The shark exhibit epitomizes the character of exhibit labels unique to the Aquarium. Traditional labels list species information and offer clinical facts about habitat and diet, occasionally offering an interesting tidbit of information. Typically, the reader may have forgotten the message within moments of moving away from the sign. The labels at the Monterey Bay Aquarium identify species and convey facts, but are written with great awareness of the visitor. Simple headings describe the information that will follow, offering an overview that eases the decision of whether or not to read the sign. Carefully calculated word counts and multiple word-play tricks distill substantial information down to manageable portions. Humor effectively conveys a message; however, it takes a strong and knowledgeable institution to present a message successfully in a light-hearted way. Clips of the 1970's "Saturday Night Live" television episode that presents a door-knocking shark as "candy gram" delivery person, offer a humorous insight into the relationship that Americans have with sharks. A quote above the television reads, "There are 350 varieties of sharks, not including pool and loan." These approaches led this writer to consider the relationship with sharks in a far more lasting way than any other sign about sharks has previously done. Interpretive decisions about the species on display and accompanying graphical information were a real departure from the traditional museum mindset.
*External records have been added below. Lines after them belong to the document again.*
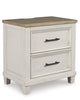 Shaybrock King Panel Set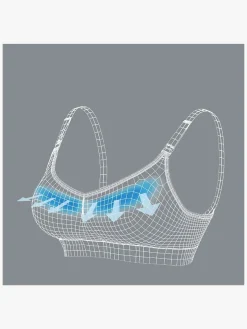 Medela Keep Cool Amme-BH, Hvid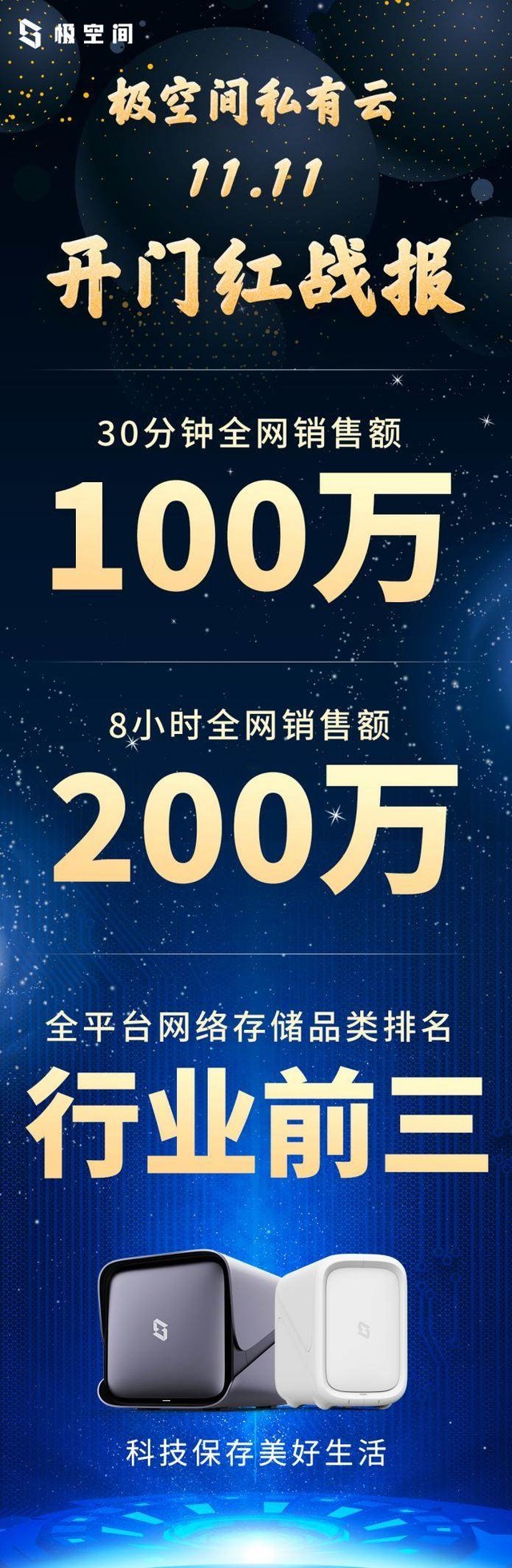 极空间私有云双十一销售额破亿，5 年成为行业独角兽，你还没用过？  第6张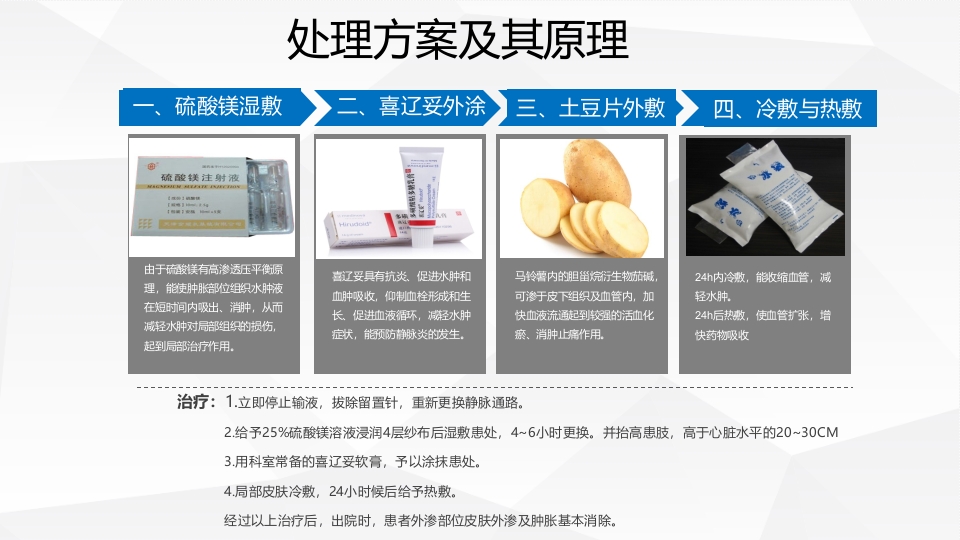静脉输液·氯化钾外渗案例PPT课件9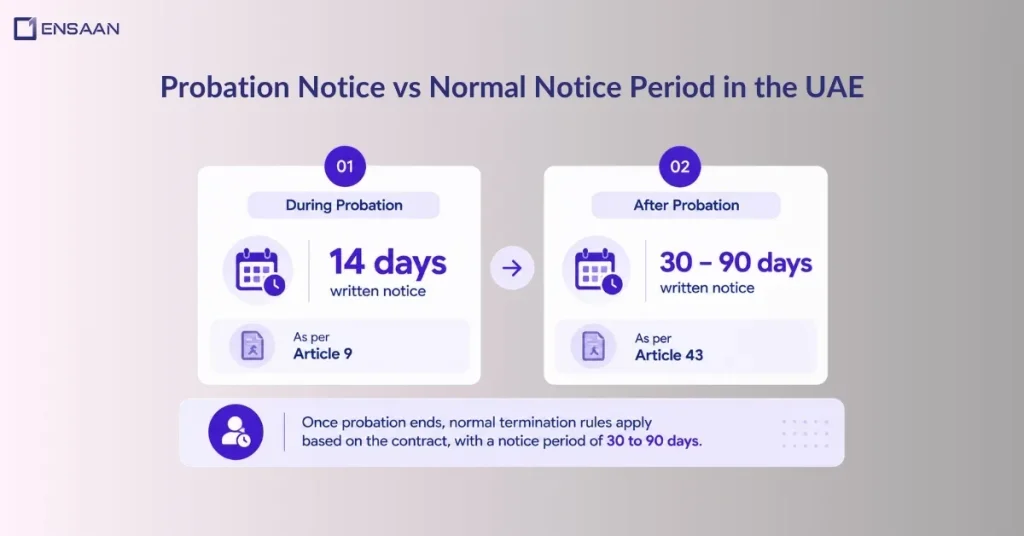 Does the Normal UAE Notice Period Apply During Probation?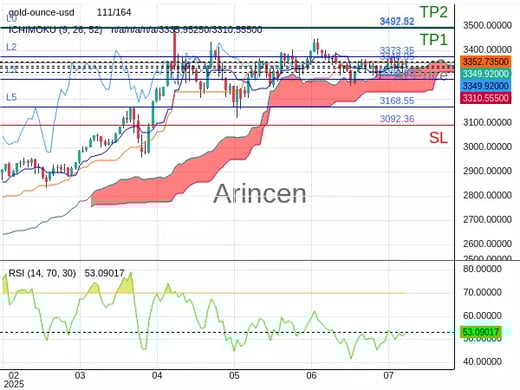 XAUUSD@3348.05 Chart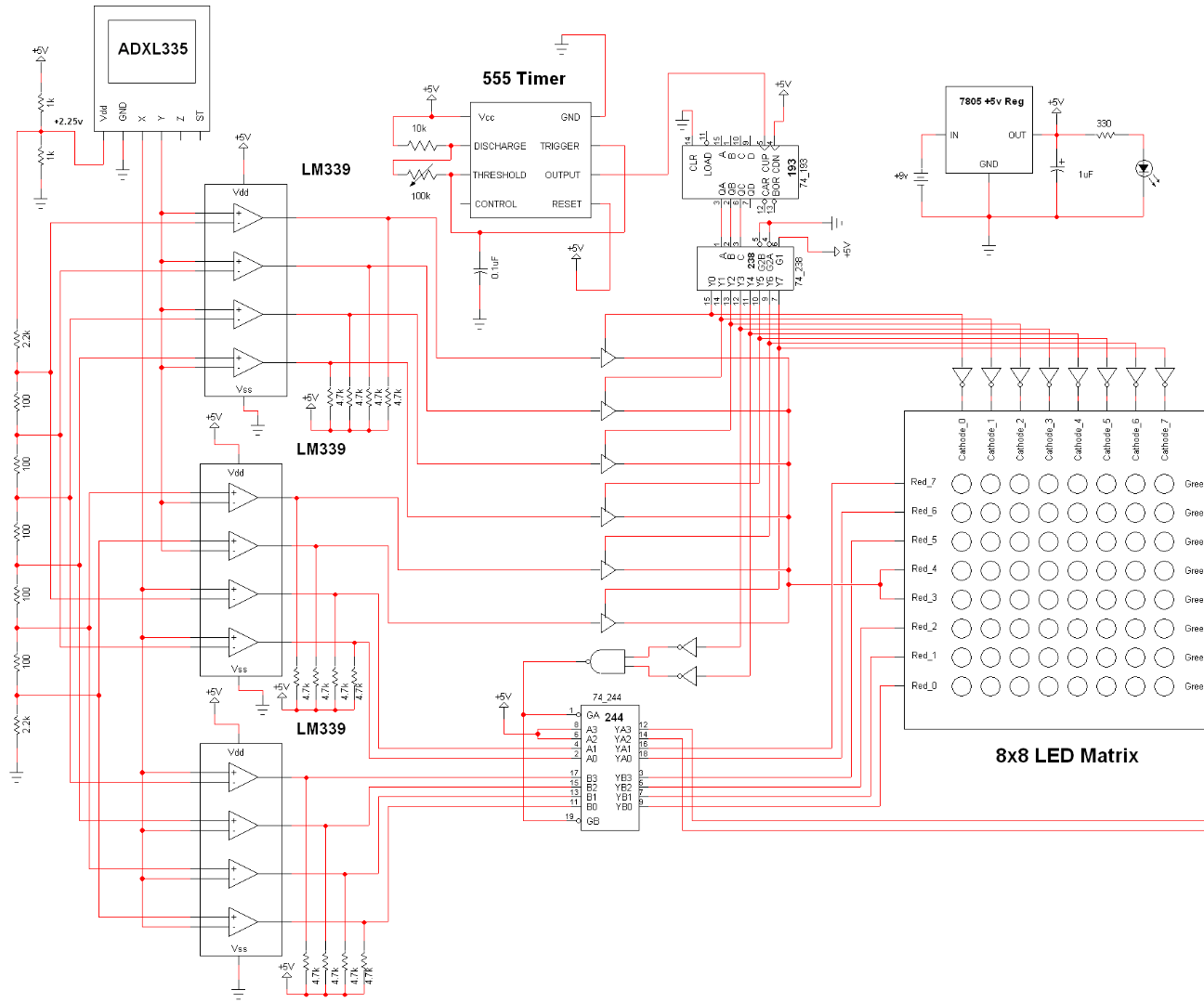 ttl tilt senson DIY Project DIY Project Image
Combinations of seemingly disparate collections can effectively emphasize the target collection, rather than distract from it. "Jellies: Living Art" is a great example of this strategy. The exhibit of the jellyfish offers a previously unnoticed connection between art and life for this writer. Breathtaking displays of glass sculpture, lithographs, sculpture and drawings showcase the elegance and delicacy of the jellies in a way that simple tanks of sea water would not. The exhibit reflects an art gallery rather than an aquarium. The tanks of jellyfish are displayed in a reverence-inspiring manner identical to the paired man-made art, complete with decorative trim and lowered light. The Aquarium successfully bridges the gap between life and fine art, affording the visitor an increased appreciation for the art of the nature-created and nature-inspired.
Public horticulture can learn a great deal from the Monterey Bay Aquarium's success in capturing the interest of people and finding support for an inspirational mission of conservation. Revitalized approaches to sharing information about plants, ranging from species name to habitat significance, can give life to an industry that is deeply appreciated by only a small percentage of our population. Ideas that can be adopted by horticulture organizations could include stronger conveyance of the mission statement, enhanced exhibit labels, and/or consideration of diverse combinations and unique approaches to collections presentation. Public horticulture needs to find the charismatic flora that will excite the general public and cause them to linger a bit longer, as the Monterey Bay Aquarium successfully does through its own proven track record.
The reputation of quality of the Monterey Bay Aquarium will continue in the minds of the Longwood Graduate Fellows, as they were not disappointed. "Hands down, the best museum exhibit and experience ever" and "The themed exhibits were a different and effective approach to conventional displays" were the comments upon leaving the Aquarium. The museum experience not only exceeded our expectations as students, it incited further appreciation of the ocean. Most importantly, the experience promoted consideration of how a successful model can be adapted and applied to the public horticulture field.